Mass transit performs well in Washington, DC, where large portions of people use that system for work. Yet, as the Heritage Foundation notes: “The problem with transit is that, on average, 90 percent of jobs are not located in downtown areas. Those 90 percent of employees are spread over an area more than 500 times as large as the downtown areas. No transit system can serve this type of demand at a speed that is competitive with the automobile. Transit advocates routinely oversell the potential of transit spending to reduce road congestion, pretending that it can make a difference outside core areas.”
Skeptics of the economics of mass transit are often accused of being backwards, anti-progress, or anti-environmental. Yet, there is a lot of evidence that many types of mass transit are a huge boondoggle for taxpayers.
I am not against city buses. They can be more economical than rail or other types of mass transit. However, I once asked an Indianapolis City Council member if mass transit ever made any money. He suggested I look inside the IndyGo busses as they pass by and take note of how few people are using them.
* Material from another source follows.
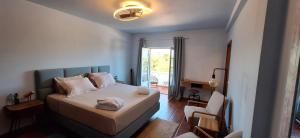 una camera da letto con un letto, una sedia e una finestra di Monte da Silveira a São Teotónio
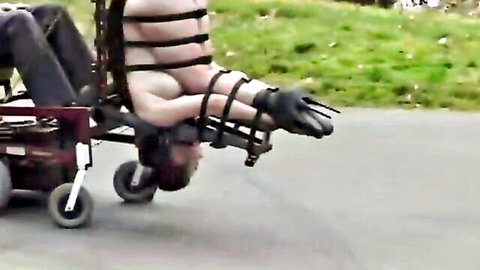 Bound BDSM slave in outdoor wheelchair restraint for missionary anal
It was an eye-opening exercise.
School Survey Finds Some Interesting Results
The 2019 Schooling in America Survey conducted by the Braun Research polling firm interviewed 1,810 adults in a nationwide sample. They also surveyed 601 educators who are currently teaching in a public school. The two surveys were sponsored by EdChoice one of the nation’s largest school choice advocacy organizations.
Here are some of those poll results:
Among four options, public, private, charter and home, parents who have their children in private schools expressed the highest level of satisfaction (79%) with their school.
Teachers still do not have much trust in parents. Only 37% said they trust their students’ parents.
The number of Americans who say K-12 education is headed in the right direction is at an all-time high this year, however, that is a mere 37%. A majority (56%) still think it is on the wrong track.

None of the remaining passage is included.